Twain wasn’t deterred. If the bookstores wouldn’t sell them and the libraries refused them, he’d get out there and promote them himself. And that’s exactly what he did. Twain went door to door selling his prized books.
That’s what I call fearless marketing.
I did some online research and discovered the following: for a fiction book to be successful it needs to sell 5000 books. But I read somewhere that 95 percent of all traditionally published books sell less than 500 copies. The writer earns no royalties until the publisher recoups their production costs: the advance, editing, layout. On top of that, the publisher, not the writer, owns the copyright, publishing and distribution rights to the book. [The author still holds copyright on his or her content and characters.]
Seventy percent of books published don’t earn back their advance. If the book sells for $10, royalties earned are 8 percent; the writer gets 80 cents a book. That means to cover the cost of production, sells of 12,000 –20,000 books need to happen just to break even. But wait, 95 percent of traditionally published books sell less than 500 copies.

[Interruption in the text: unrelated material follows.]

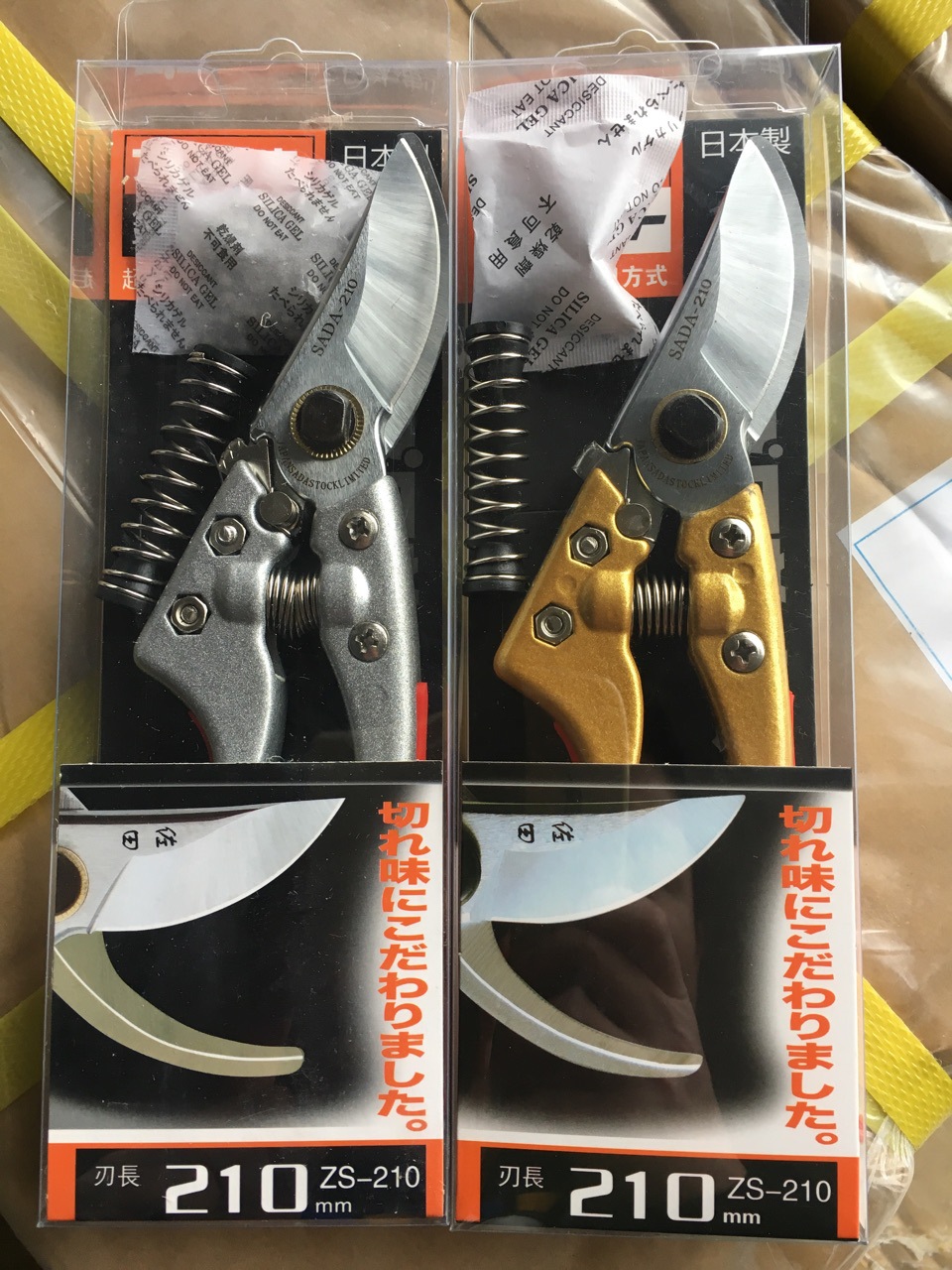 佐田 SADA 210 修枝剪 果树剪 金色柄 银色柄 园林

This got me thinking. It doesn’t matter if you go the traditional route or self-publish, after publication, it is necessary to fearlessly market your work. The responsibility to promote a book rests with the writer. Sure, a few traditional publishers might do some promotion, but ultimately, if the book is to do well, it’s up to you to get it out there and make it known.
Fearless marketing. We can do what Mark Twain did and peddle our books door to door but that’s a bit time consuming. Instead, we can get creative and figure out other ways to connect our work with readers.
I think it’s important to know the readers that you’re targeting. Who will want to read your book? What are their interests? Their demographics? Once you have that, you can hit the streets running, or rather, hit the keyboard and find the many online sites that will help you get your work known. There are tons of them out there. Start a Facebook page that highlights not only your book, but its theme. Post often. Don’t consistently push your book. People will get turned off by that. But post interesting issues related to your writing and most importantly begin to develop relationships.
Register for an author’s site on Goodreads and Author’s Den and create an Amazon Author’s page. Check out the free classifieds to advertise such as Christ’s List and others.
So if you’ve written something you believe in, take the Twain road. Don’t be afraid to get out there and promote yourself.